Excerpts from a dataset
• • • •

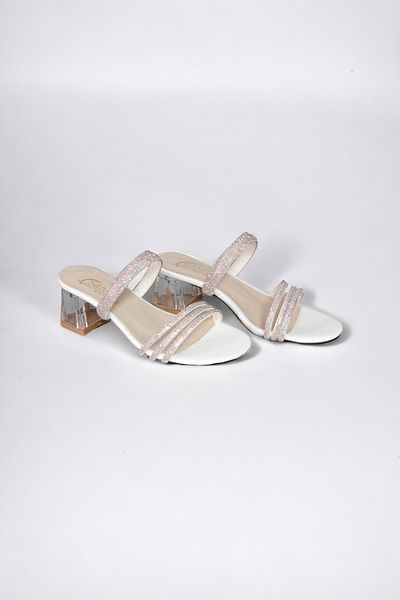 MİYA Women's Transparent Heeled Shiny Gray Silver Stone White Evening Dress Slippers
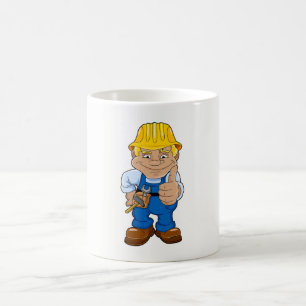Arbeiter mit Schutzhelm Kaffeetasse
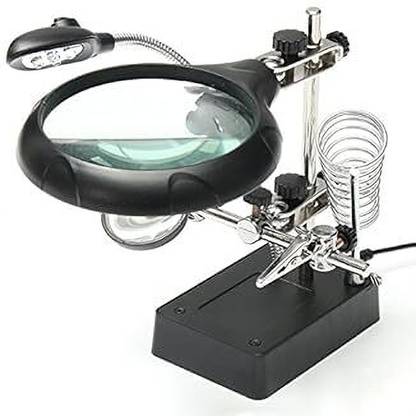 Bluedeal Light Magnifier Magnifying Glass Helping Hand Soldering Stand with 3 Lens glass Magnifier Magnifying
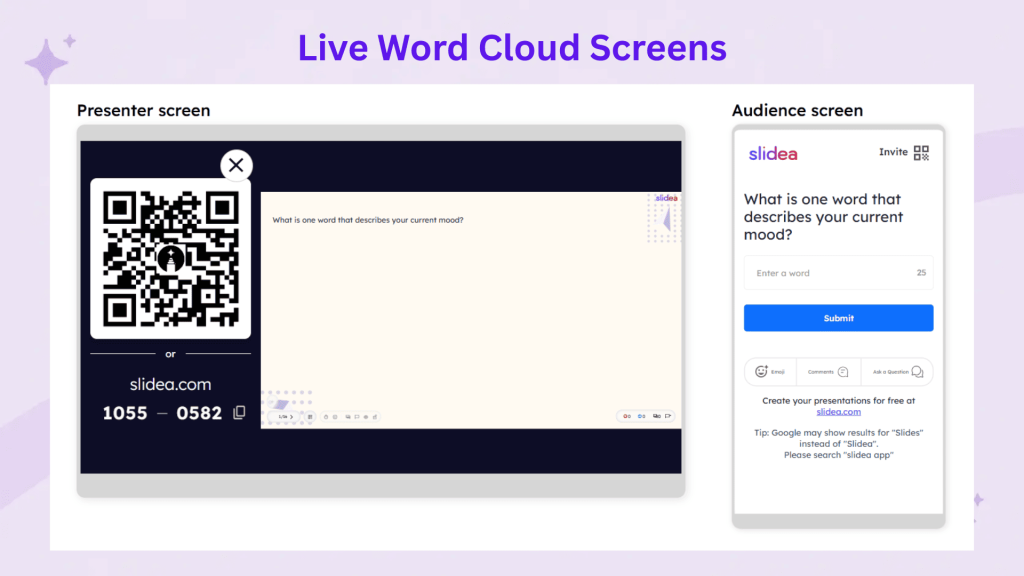 Slidea presenter and audience screens showing QR join, live question, word entry, and submission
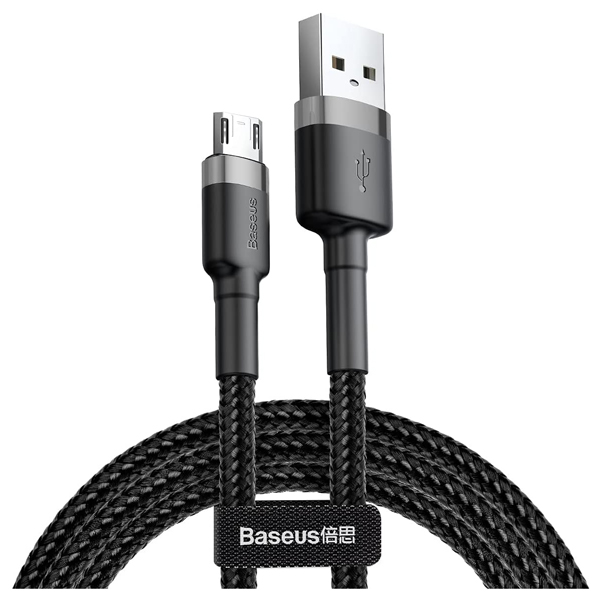 کابل USB به  MICRO  باسئوس Baseus cafule Cable USB For Micro 2A 3m Gray+Black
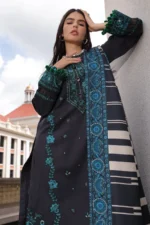 Charizma Winter Collection PSW6-19, 3-Piece Unstitched Poshima Embroidered Peach Leather Volume III 2026, Zee Collections UK, shawl look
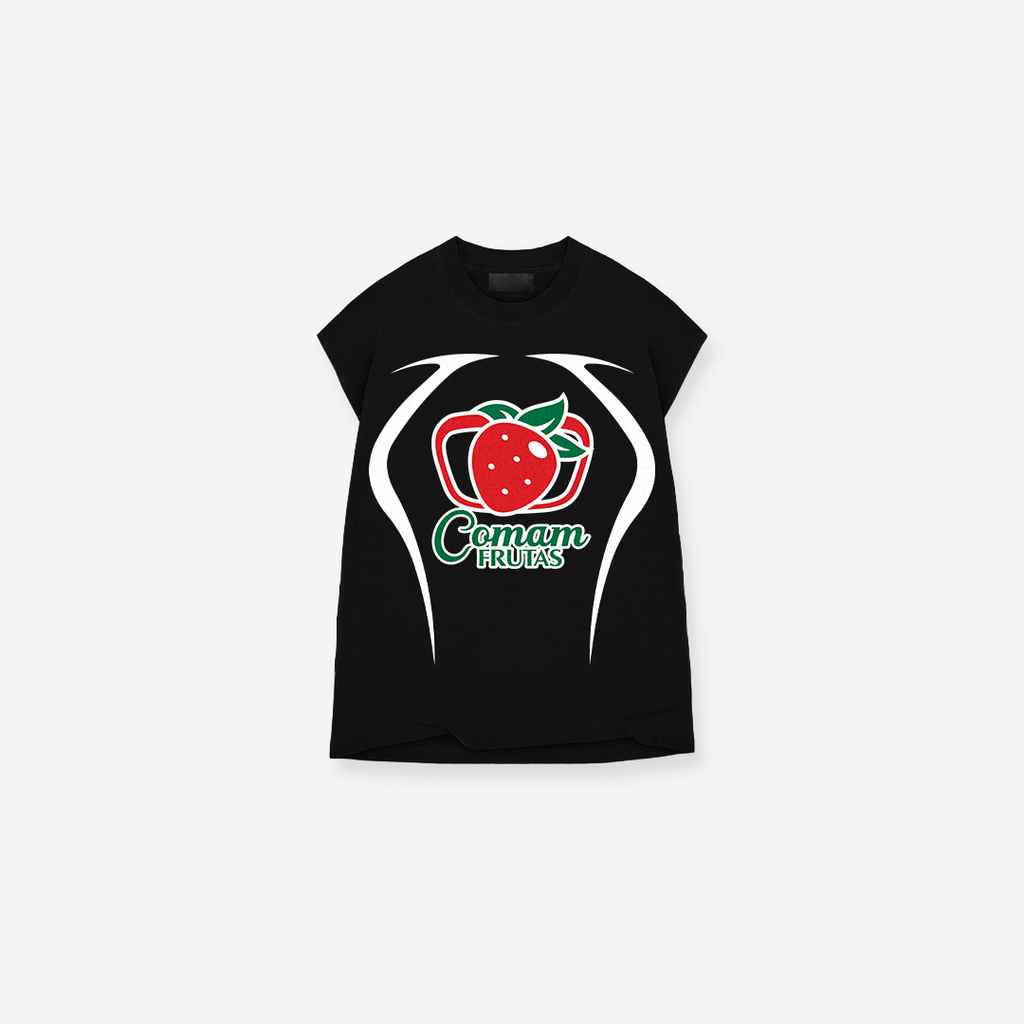Regata Drop Shoulder Mith Comam Frutas Brasil 10 Preto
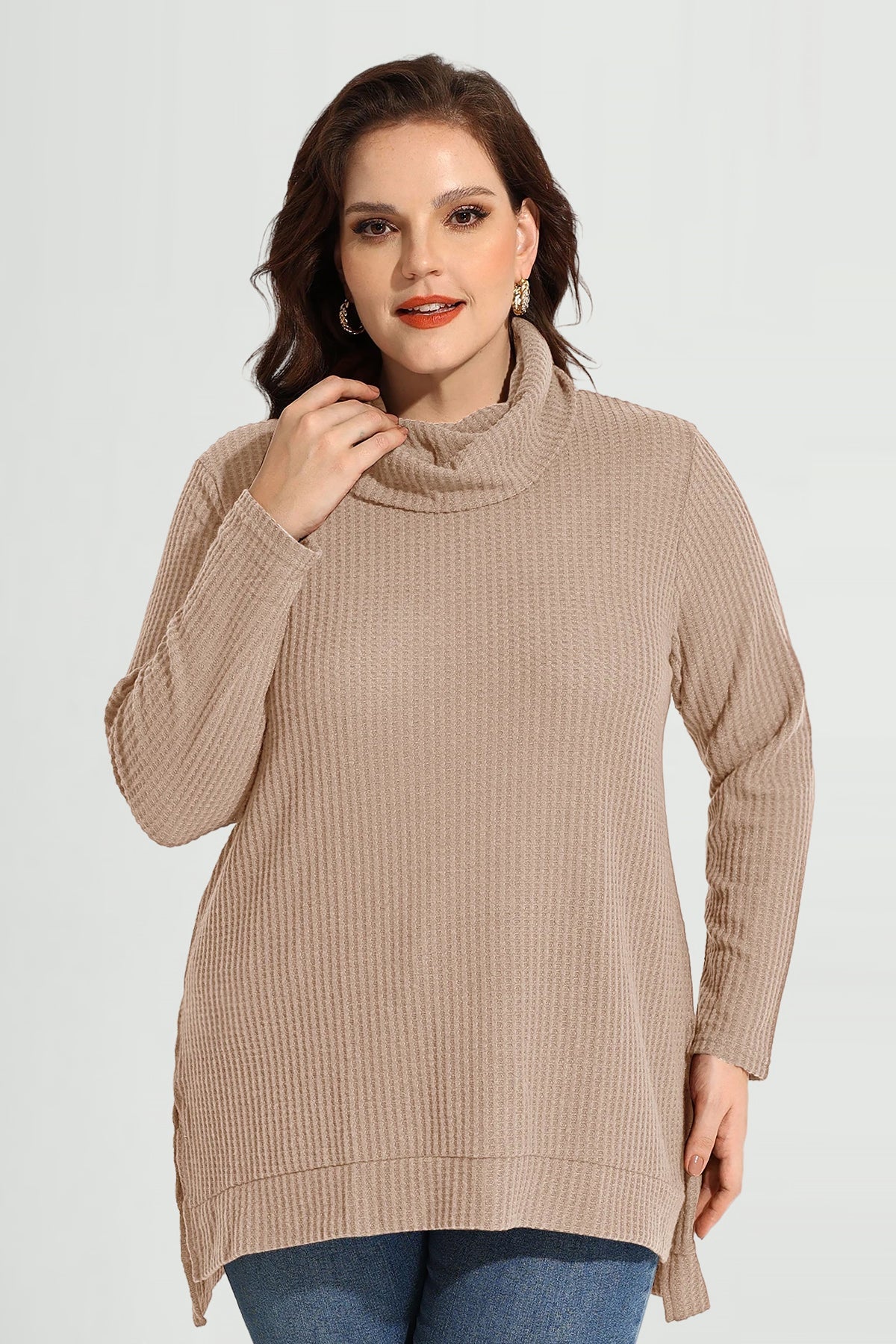 Cowl Neck Split Hem Long Sleeve Tunic Shirt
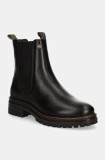 Barbour ghete chelsea de piele Evie femei, culoarea negru, cu platforma, LFO0575BK52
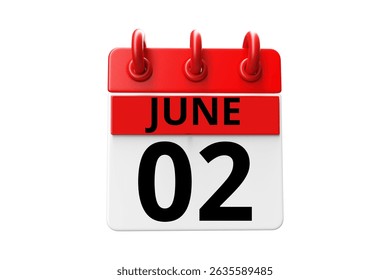 2 June calendar icon text page monthly web design on red, black and white background vector, icon, or illustration with the month of June 2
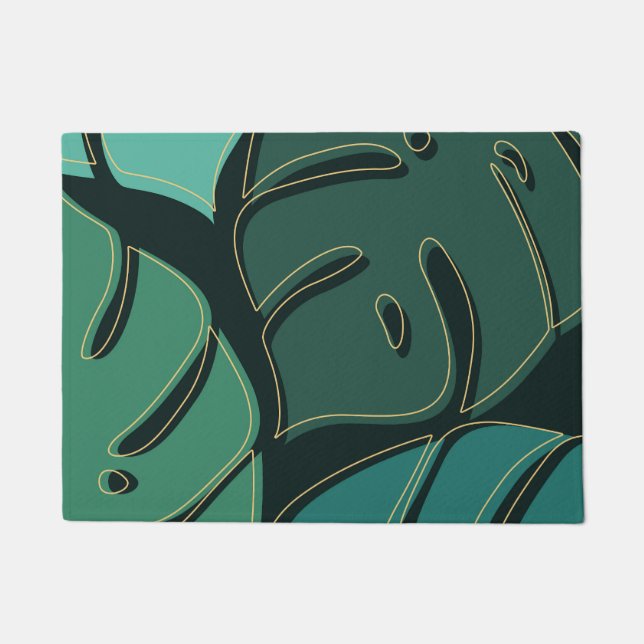 Green giant monstera leaves design doormat (Front)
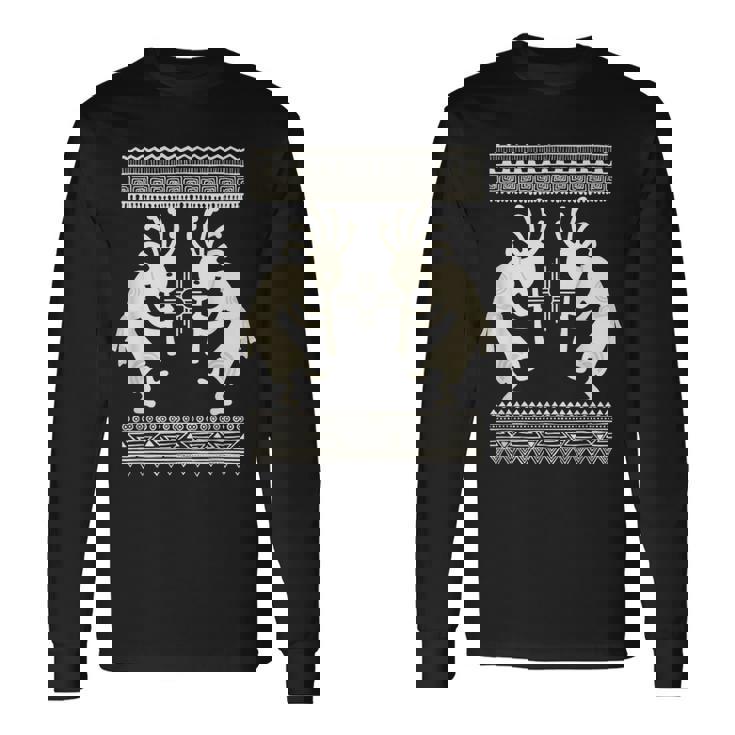 ネイティブアメリカン カルチャー ココペリ ミュージシャンボーダー 2 楽しい 長袖Tシャツ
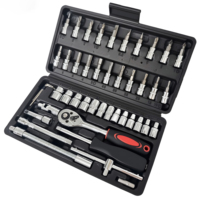 Jeu de clés à cliquet en acier au carbone de qualité supérieure, 46 pièces, multi-usages, kit d'outils de réparation automobile, jeu de douilles avec boîte de rangement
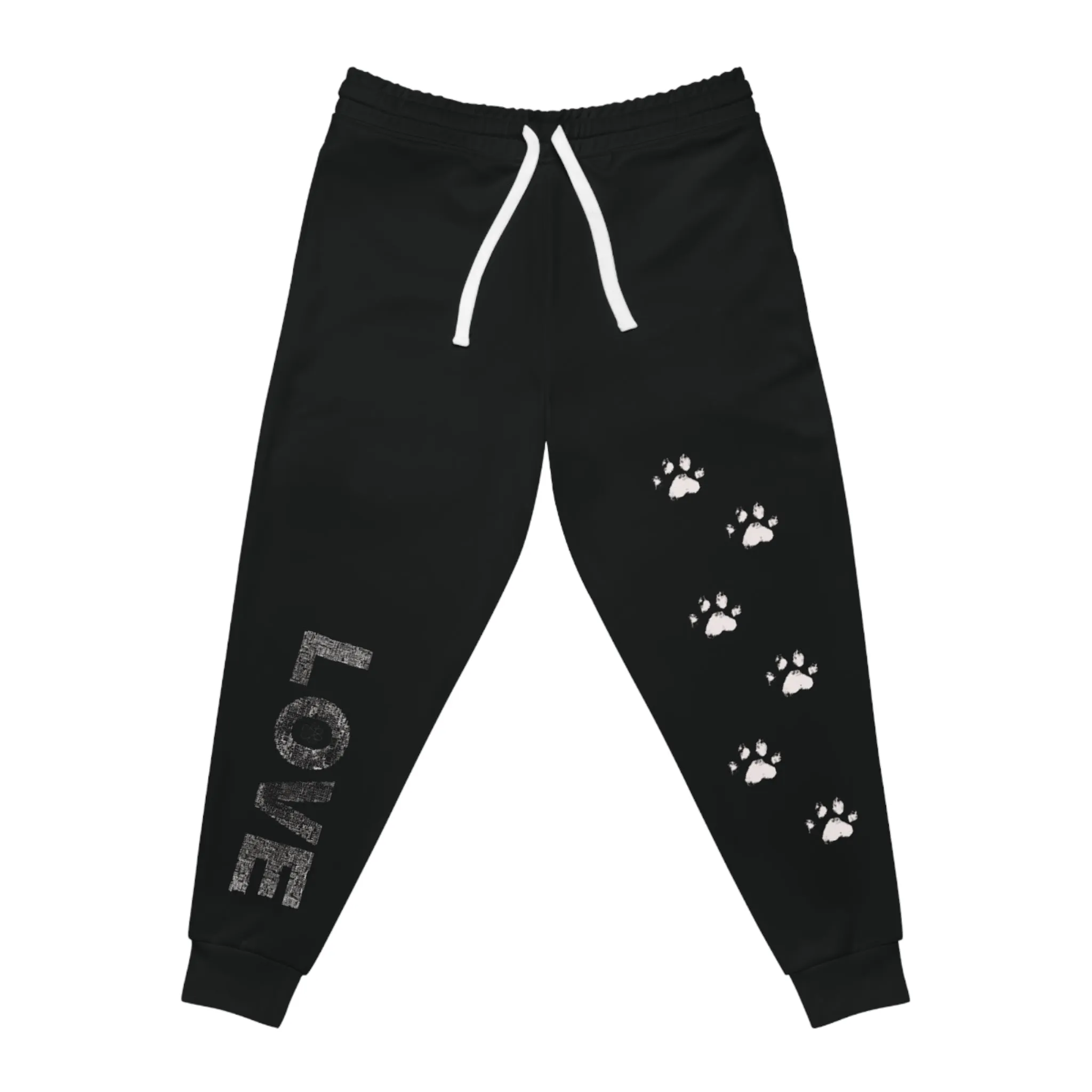 Love Paw Print Athletic Joggers - Cute Dog Lover Sweatpants, Cozy Animal Print Lounge Pants, Workout Leggings, Comfy Yoga Bottoms, Casual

• • • •

* _Try it_
Every record above, copied exactly and without a single picture, makes up the answer.

* _Problem solution_
 MİYA Women's Transparent Heeled Shiny Gray Silver Stone White Evening Dress Slippers
Arbeiter mit Schutzhelm Kaffeetasse
 Bluedeal Light Magnifier Magnifying Glass Helping Hand Soldering Stand with 3 Lens glass Magnifier Magnifying
 Slidea presenter and audience screens showing QR join, live question, word entry, and submission
 کابل USB به  MICRO  باسئوس Baseus cafule Cable USB For Micro 2A 3m Gray+Black
 Charizma Winter Collection PSW6-19, 3-Piece Unstitched Poshima Embroidered Peach Leather Volume III 2026, Zee Collections UK, shawl look
Regata Drop Shoulder Mith Comam Frutas Brasil 10 Preto
 Cowl Neck Split Hem Long Sleeve Tunic Shirt
 Barbour ghete chelsea de piele Evie femei, culoarea negru, cu platforma, LFO0575BK52
 2 June calendar icon text page monthly web design on red, black and white background vector, icon, or illustration with the month of June 2
 Green giant monstera leaves design doormat (Front)
 ネイティブアメリカン カルチャー ココペリ ミュージシャンボーダー 2 楽しい 長袖Tシャツ
 Jeu de clés à cliquet en acier au carbone de qualité supérieure, 46 pièces, multi-usages, kit d'outils de réparation automobile, jeu de douilles avec boîte de rangement
 Love Paw Print Athletic Joggers - Cute Dog Lover Sweatpants, Cozy Animal Print Lounge Pants, Workout Leggings, Comfy Yoga Bottoms, Casual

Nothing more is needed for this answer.